One of the original professors at Oakland University William Beaumont School of Medicine has been named the school’s first professor emeritus.

Venuti named OUWB’s first professor emeritus
Judith Venuti 22

One of the original professors at Oakland University William Beaumont School of Medicine has been named the school’s first professor emeritus.

The Oakland University Board of Trustees approved the appointment for Judith Venuti, Ph.D., on Dec. 13, 2021.

Venuti says it’s “truly an honor” that’s made all the more special by the fact that teaching at OUWB was the highlight of an illustrious career in research and academia.

“My position at OUWB was the best job I’ve ever had,” she says.

“I’ve done a lot of different things, but (OUWB) was one job where I felt like I was making a real difference, that I was actually contributing to what was happening at the school, and my voice was heard.”

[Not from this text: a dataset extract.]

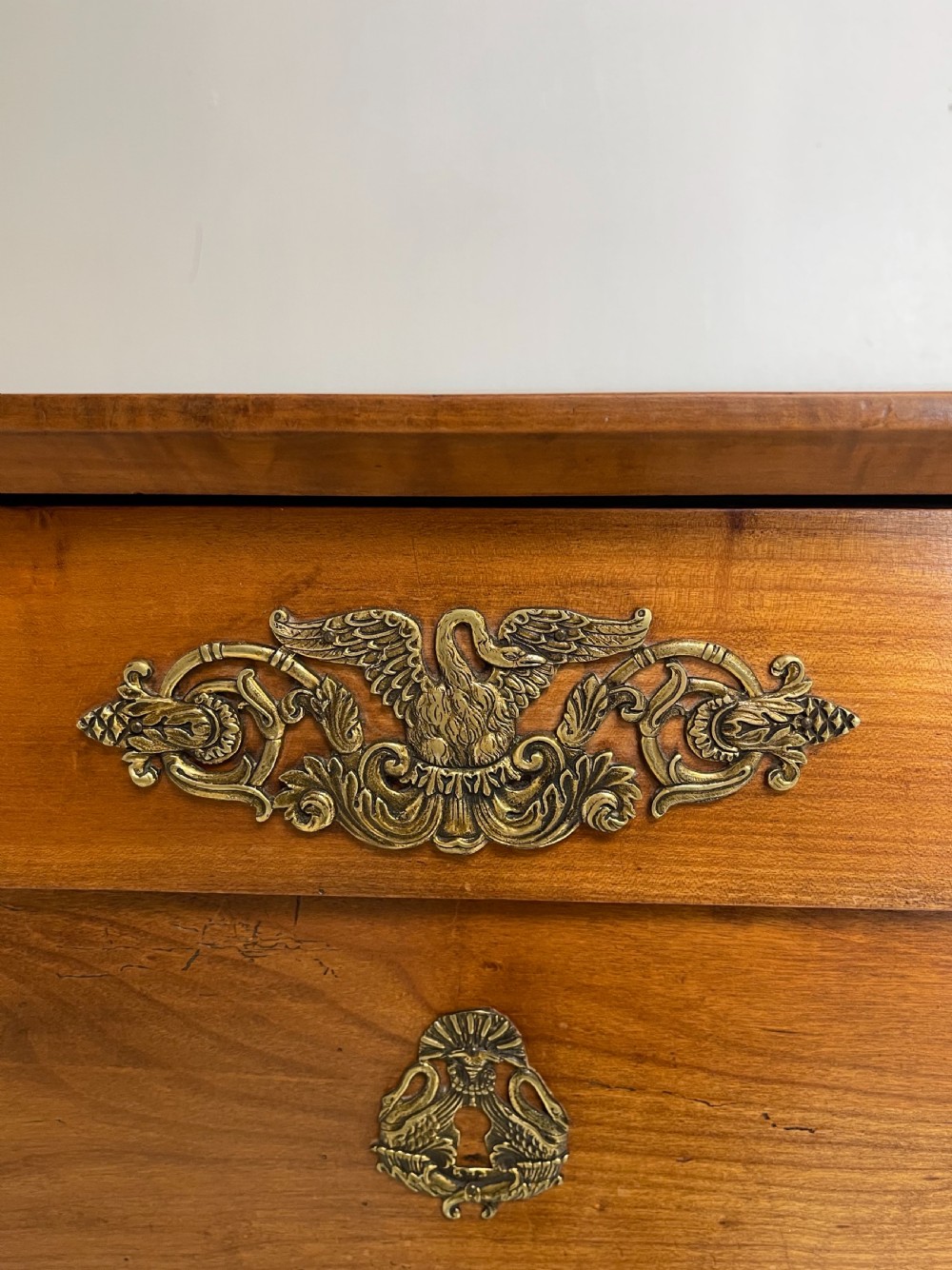 A tall French cherrywood semainier featuring seven drawers with brass drop handles and decorative keyhole escutcheons. View VI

‘Fell in love with embryology and genetics’

Venuti has taught in the anatomical sciences for nearly 20 years and has received several ‘Excellence in Teaching’ awards. Her teaching experience has included: clinical anatomy, human prenatal anatomy (embryology), developmental biology, cell and molecular biology and allied health human anatomy (as course director).

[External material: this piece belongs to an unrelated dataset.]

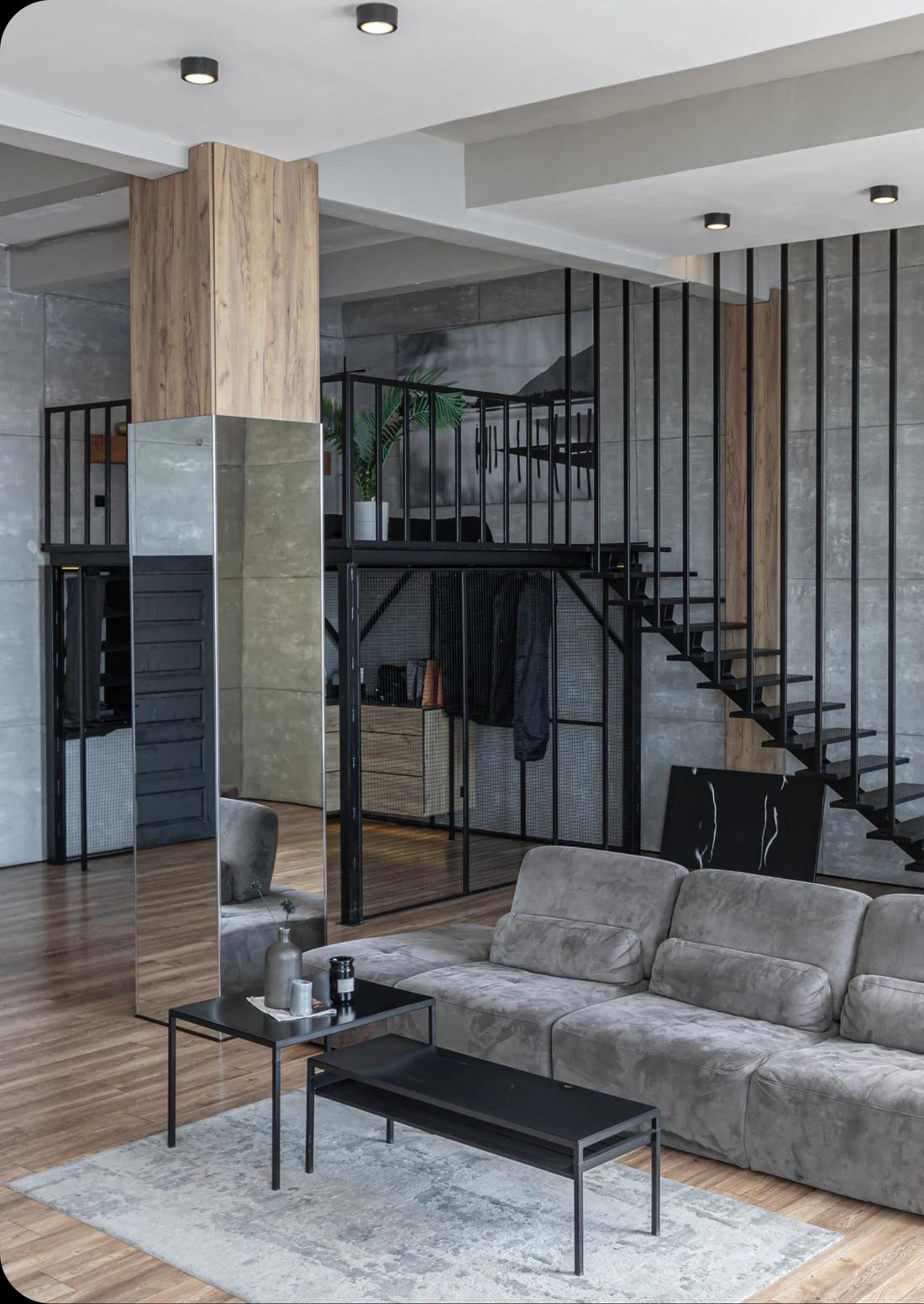 Loft interior with concrete surfaces, black steel framing, and a grey sofa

Venuti is a fellow of the American Association of Anatomists (AAA) and served as AAA Annual Meeting Program co-chair, as a member of the AAA Board of Directors, the Executive Committee and on several other task forces and committees including the AAA Educational Outreach Committee. In 2019, Venuti received the AAA A.J. Ladman Exemplary Service Award, the highest honor recognizing a member distinguished in the field of anatomical sciences.

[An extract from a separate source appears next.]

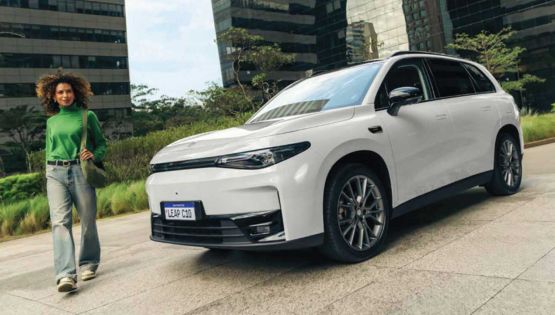 Leapmotor C10 electric SUV in Pearly White on a city street with modern architecture in the background.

Venuti’s career path can be in large part traced to a course she took while pursuing an undergraduate degree at Northeastern University in Boston.

“I absolutely fell in love with genetics and developmental biology and the idea that we start off as a single cell that becomes a bunch of specialized cells that gives rise to an organism,” she says. “I was just fascinated with that idea.”

Venuti earned a bachelor’s and master’s degrees from Northeastern before a Ph.D. in anatomical sciences from the State University of New York at Buffalo.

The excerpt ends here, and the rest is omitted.